Monday, June 18, 2007

Four Stories

Last night I went to the regular Four Stories literary event in Osaka, organized by the dynamic Tracy Slater. Four authors read excerpts from their work for 15 minutes each, while the listeners enjoyed good Portuguese wine and food and the chance for relaxed, grown-up conversation with interesting people. That's a rare opportunity for a translator working from home whose main everyday human contact comes through two young boys and the Internet, and it was exhilarating to have the brief chance to enjoy an atmosphere Tracy describes as "like a 19th-Century salon, only 150 years later―same socializing, same witty banter, but no corsets."

One of the readers was Jessica Goodfellow, an amazing Kobe-based poet who is also a friend. Her work interweaves imagery from mathematics, the Bible, and nature in fresh and thought-provoking ways. Two of her poems were read by Garrison Keillor on The Writers Almanac earlier this year, including this one, The Invention of Fractions.

The Invention of Fractions
by Jessica Goodfellow


God himself made the whole numbers: everything else
is the work of man.
—Leopold Kronnecker


God created the whole numbers:
the first born, the seventh seal,
Ten Commandments etched in stone,
the Twelve Tribes of Israel —
Ten we’ve already lost —
forty days and forty nights,
Saul’s ten thousand and David’s ten thousand.
‘Be of one heart and one mind’ —
the whole numbers, the counting numbers.

It took humankind to need less than this;
to invent fractions, percentages, decimals.
Only humankind could need the concepts
of splintering and dividing,
of things lost or broken,
of settling for the part instead of the whole.

Only humankind could find the whole numbers,
infinite as they are, to be wanting;
though given a limitless supply,
we still had no way
to measure what we keep
in our many-chambered hearts.


(Copyright © 2006 Jessica Goodfellow.

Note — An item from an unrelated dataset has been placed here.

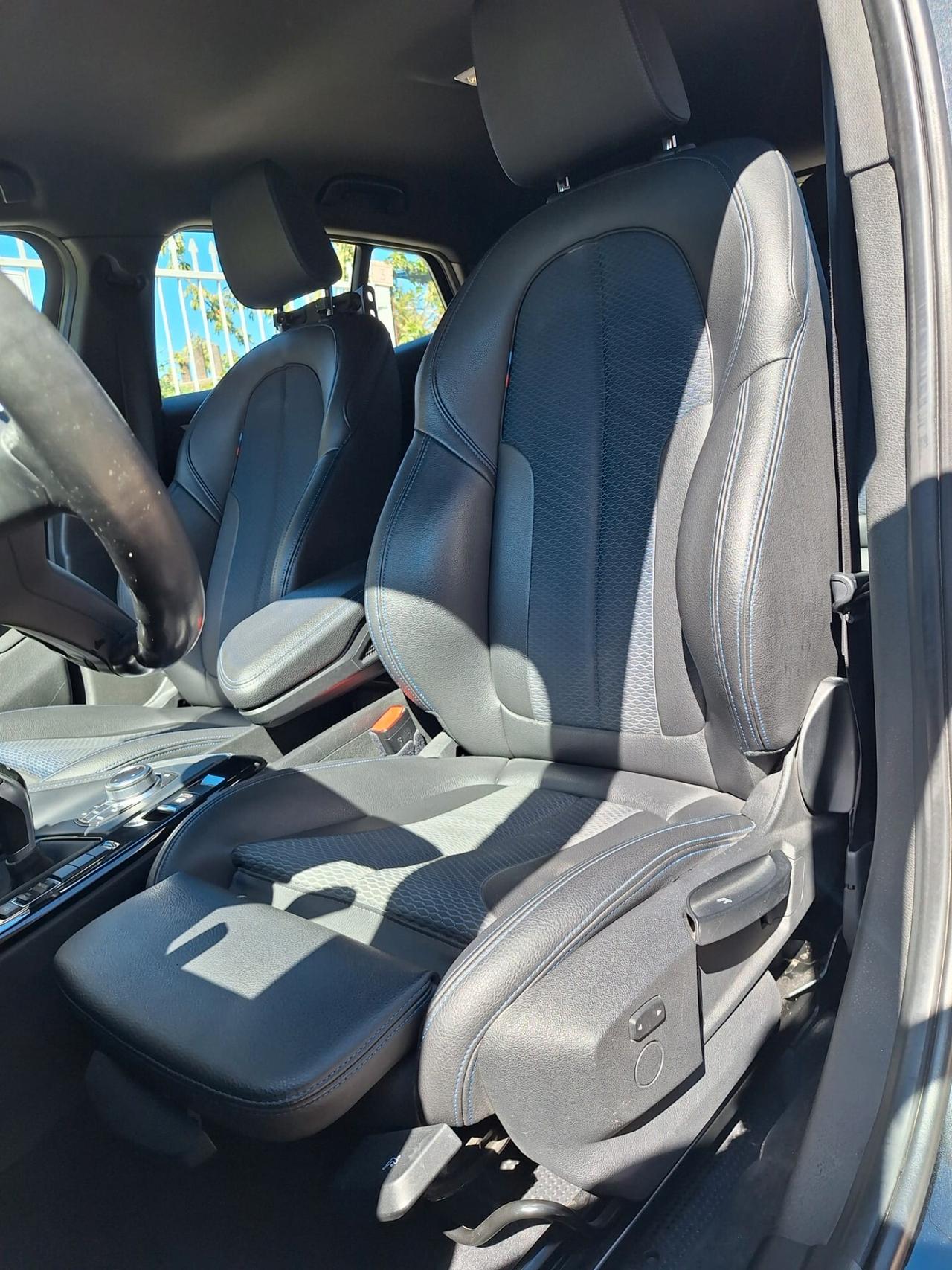 Bmw X2 sDrive18d Msport-X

All rights reserved. Used by permission of the author.)

You can find more of Jessica's poetry at Verse Daily here and here, or buy her chapbook A Pilgrim's Guide to Chaos in the Heartland from Amazon.

I'd been half expecting that the boys would still be up when I got home late in the evening, but they were actually asleep - on our bed. I was able to carry Dan back to his own room, but had to lean over Kei and growl gently "Who's been sleeping in MY bed?" to rouse him so he could climb into his top bunk.

3 comments:

Sarah@mommyinjapan said...

Good for you! I haven't had a cultural night out for awhile. Good to see that other moms are still at it!

coarse gold girl said...

Loved the poem you posted, thanks for that.

A conversation with you is the closest I come to a cultural event these days!

And. . . you're it! It's a meme! Cruise on over to my blog when you have some time please :)

Dondi Tiples said...

What a wonderfully apt poem. Gets to the heart of the matter. And isn't it funny how, no matter that the kids have their own beds, mommy's bed is still the most comfortable one in the house? Must be our tantalizing homing-signal scent. The scent of love and home.